No alto dos meus seis para sete anos, o velho Luiz Biazzolli me contratou pela polpuda soma de CR$ 2,00 ( Isso mesmo, dois cruzeiros. Uma colorida nota azul e laranja, com a estampa do Duque de Caxias – o próprio: Luiz Alves de Lima e Silva, patrono do glorioso Exército Brasileiro), para ser o babá de sua tropa de cavalos e éguas, todos campolinos de puro sangue, usados no aluguel de suas charretes, seja para transportar pessoas ou para leva-lo a seus clientes da comercialização de armarinhos, de onde tirava o grosso do sustento de sua família
Sei que, em muitos provoquei um certo espanto ao dizer que fui contratado, com seis anos de idade para essa atividade remunerada. Mas na época isso era bem comum. Filho de família pobre e numerosa, o acesso ao mercado de trabalho se dava muito cedo, até como forma de sobreviver mesmo. Minha tarefa era simples. Deveria, todas as manhãs, recolher num pequeno pasto agregado à casa do mascate, os animais que para ali deveriam conduzir no final da tarde. Demorava, em média, dez minutos pela manhã, e outro tato à tarde para cumprir essa difícil tarefa.

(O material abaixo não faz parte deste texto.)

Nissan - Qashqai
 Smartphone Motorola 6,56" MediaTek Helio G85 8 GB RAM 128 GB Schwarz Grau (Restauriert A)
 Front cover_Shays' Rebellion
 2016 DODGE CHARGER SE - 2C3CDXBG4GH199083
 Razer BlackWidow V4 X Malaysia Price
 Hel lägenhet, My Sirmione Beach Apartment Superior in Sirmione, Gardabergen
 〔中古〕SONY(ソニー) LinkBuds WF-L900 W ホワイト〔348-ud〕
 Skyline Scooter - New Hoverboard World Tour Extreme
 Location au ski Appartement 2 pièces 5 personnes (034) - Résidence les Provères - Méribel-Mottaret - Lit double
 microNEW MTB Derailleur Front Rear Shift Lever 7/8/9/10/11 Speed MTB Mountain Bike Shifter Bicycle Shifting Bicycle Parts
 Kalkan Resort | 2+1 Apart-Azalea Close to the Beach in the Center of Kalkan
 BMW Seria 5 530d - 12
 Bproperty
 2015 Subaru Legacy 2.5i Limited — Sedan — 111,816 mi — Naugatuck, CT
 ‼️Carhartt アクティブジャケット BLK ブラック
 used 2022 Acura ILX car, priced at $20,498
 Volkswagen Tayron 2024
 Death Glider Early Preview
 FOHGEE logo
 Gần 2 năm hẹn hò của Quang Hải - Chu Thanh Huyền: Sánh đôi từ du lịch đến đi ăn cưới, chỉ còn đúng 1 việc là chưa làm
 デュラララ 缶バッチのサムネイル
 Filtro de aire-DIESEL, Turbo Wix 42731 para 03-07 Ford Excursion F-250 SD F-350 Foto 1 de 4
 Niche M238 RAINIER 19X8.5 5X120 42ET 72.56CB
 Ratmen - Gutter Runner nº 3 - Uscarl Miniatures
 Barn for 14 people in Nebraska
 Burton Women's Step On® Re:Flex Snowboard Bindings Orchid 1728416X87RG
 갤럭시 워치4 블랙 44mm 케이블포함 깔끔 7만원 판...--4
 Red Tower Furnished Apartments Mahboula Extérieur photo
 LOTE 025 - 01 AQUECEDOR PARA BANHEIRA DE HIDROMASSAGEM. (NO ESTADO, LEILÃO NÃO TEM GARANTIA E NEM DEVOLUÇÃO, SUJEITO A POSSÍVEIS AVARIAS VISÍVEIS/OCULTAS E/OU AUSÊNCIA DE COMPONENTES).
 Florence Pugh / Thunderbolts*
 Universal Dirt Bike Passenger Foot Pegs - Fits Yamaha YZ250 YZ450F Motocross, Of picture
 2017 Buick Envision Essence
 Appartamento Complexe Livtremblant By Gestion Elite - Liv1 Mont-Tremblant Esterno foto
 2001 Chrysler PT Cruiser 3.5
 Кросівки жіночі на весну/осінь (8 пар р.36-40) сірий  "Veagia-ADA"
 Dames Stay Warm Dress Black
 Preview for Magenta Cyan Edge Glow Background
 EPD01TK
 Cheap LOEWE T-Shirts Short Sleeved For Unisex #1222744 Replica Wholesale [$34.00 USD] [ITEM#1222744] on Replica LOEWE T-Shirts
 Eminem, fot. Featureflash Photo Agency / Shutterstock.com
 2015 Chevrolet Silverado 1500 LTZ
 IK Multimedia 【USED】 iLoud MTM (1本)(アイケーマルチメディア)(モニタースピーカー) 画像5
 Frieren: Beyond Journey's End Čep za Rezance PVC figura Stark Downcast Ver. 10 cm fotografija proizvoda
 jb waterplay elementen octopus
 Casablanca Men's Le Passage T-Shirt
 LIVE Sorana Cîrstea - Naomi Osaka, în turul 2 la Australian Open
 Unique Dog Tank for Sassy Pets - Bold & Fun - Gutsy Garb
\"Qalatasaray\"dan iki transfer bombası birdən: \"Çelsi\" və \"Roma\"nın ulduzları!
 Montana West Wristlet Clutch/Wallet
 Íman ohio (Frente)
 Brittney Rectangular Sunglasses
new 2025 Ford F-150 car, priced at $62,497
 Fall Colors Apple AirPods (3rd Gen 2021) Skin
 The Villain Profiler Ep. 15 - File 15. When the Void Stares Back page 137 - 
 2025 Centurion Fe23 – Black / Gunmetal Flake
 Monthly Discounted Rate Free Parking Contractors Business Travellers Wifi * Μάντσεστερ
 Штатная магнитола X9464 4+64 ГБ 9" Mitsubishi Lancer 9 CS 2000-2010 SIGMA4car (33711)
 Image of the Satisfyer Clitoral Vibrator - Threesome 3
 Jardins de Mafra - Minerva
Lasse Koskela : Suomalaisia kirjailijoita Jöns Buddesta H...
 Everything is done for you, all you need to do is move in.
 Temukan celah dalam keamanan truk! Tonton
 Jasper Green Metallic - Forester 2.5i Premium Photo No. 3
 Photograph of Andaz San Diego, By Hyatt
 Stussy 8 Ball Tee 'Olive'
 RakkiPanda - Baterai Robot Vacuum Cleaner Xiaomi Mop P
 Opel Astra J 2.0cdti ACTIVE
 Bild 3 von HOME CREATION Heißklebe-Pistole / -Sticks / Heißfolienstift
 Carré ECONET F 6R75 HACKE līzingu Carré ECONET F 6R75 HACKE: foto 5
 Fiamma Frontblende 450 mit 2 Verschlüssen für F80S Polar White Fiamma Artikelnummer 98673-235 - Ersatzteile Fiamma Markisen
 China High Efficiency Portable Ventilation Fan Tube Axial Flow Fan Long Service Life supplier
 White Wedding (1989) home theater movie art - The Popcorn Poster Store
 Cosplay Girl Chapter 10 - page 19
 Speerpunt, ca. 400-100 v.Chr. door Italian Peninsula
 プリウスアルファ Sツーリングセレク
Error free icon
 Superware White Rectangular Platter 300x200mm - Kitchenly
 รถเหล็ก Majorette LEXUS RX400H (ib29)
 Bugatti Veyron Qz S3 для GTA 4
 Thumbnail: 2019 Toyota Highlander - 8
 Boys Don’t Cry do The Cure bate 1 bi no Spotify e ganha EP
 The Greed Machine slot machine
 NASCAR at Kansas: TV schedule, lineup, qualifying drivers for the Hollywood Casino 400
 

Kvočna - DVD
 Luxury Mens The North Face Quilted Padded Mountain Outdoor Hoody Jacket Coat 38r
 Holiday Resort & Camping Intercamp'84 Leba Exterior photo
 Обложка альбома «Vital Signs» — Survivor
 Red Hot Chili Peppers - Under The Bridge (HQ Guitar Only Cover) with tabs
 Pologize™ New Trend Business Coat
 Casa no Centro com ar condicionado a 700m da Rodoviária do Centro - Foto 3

Essa oportunidade me fez destacar entre meus amigos e vizinhos. É que não demorou muito para que, após se acostumarem comigo, os cavalos e éguas que eu levava ou trazia ao pasto pareciam se divertir como eu, quando lhes montava , em pelo e saia galopando por algumas ruas da cidade.
Nessa tarefa inesquecível permitia que um ou outro amigo partilhasse da emoção de trotar num belo animal, fazendo na cidade uma coisa que se pensava ser possível só numa fazenda. Isso reforçava nossos laços de amizade e me fazia uma espécie de líder da molecada. Mesmo porque, nos fins de semana eu sempre podia pagar pelo ingresso de um amigo nas sessões do matinê, numa das salas de cinema da cidade.
Fiquei bem uns dois anos nessa tarefa, até que Jamel El Kadisch, mascate puro sangue do Líbano, me convidasse para fazer a limpeza de sua lojinha, todos os dias pelo espetacular salário de CR$5,00 (Cinco cruzeiros. Grana poderosa que se desenhava no papel moeda onde as cores de um verde oliva bem pálido quase se fundia a um cinza também esmaecido onde se destacava a figura bigoduda do Barão do Rio Branco. O dinheiro me parecia tanto que cheguei a propor casamento a minha namorada de infância, com compromisso firmado para qualquer momento nos anos seguintes. Esse devaneio, porém, não se cumpriu.
Ao longo do tempo conheci outros mascates e com vários deles fui ampliando as minhas formas de conseguir um trabalho e garantir salários que transformaram não só a minha vida, mas a de muitas outras pessoas que tiveram a oportunidade de ter acesso às recompensas do trabalho digno por mãos amigas e interessadas apenas em retribuir aos seus antigos clientes, nossos pais, a atenção e acolhida que lhes fora dispensada quando, recém chegados ao Brasil, percorreram esse país consolidando sua capacidade de trabalho e semeando bondade por onde passaram.
Não tenho notícias de que eles ainda possam existir de uma ou outra forma, mas não me surpreenderia se, de repente, topasse com um ralidina baculé, pé de turco tem chulé, vendendo sonhos e esperanças por aí.